### DATA SEGMENT

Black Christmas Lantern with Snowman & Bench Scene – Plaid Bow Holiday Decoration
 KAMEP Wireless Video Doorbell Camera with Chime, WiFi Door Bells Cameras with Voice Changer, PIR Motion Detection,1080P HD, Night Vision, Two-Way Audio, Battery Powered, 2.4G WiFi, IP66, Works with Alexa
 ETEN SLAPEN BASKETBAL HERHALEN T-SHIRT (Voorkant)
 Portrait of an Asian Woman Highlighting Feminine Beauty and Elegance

######

### WORK REQUEST
Take the material above and transcribe all of it exactly.

### RESULT FOR THIS TASK
Black Christmas Lantern with Snowman & Bench Scene – Plaid Bow Holiday Decoration
 KAMEP Wireless Video Doorbell Camera with Chime, WiFi Door Bells Cameras with Voice Changer, PIR Motion Detection,1080P HD, Night Vision, Two-Way Audio, Battery Powered, 2.4G WiFi, IP66, Works with Alexa
 ETEN SLAPEN BASKETBAL HERHALEN T-SHIRT (Voorkant)
 Portrait of an Asian Woman Highlighting Feminine Beauty and Elegance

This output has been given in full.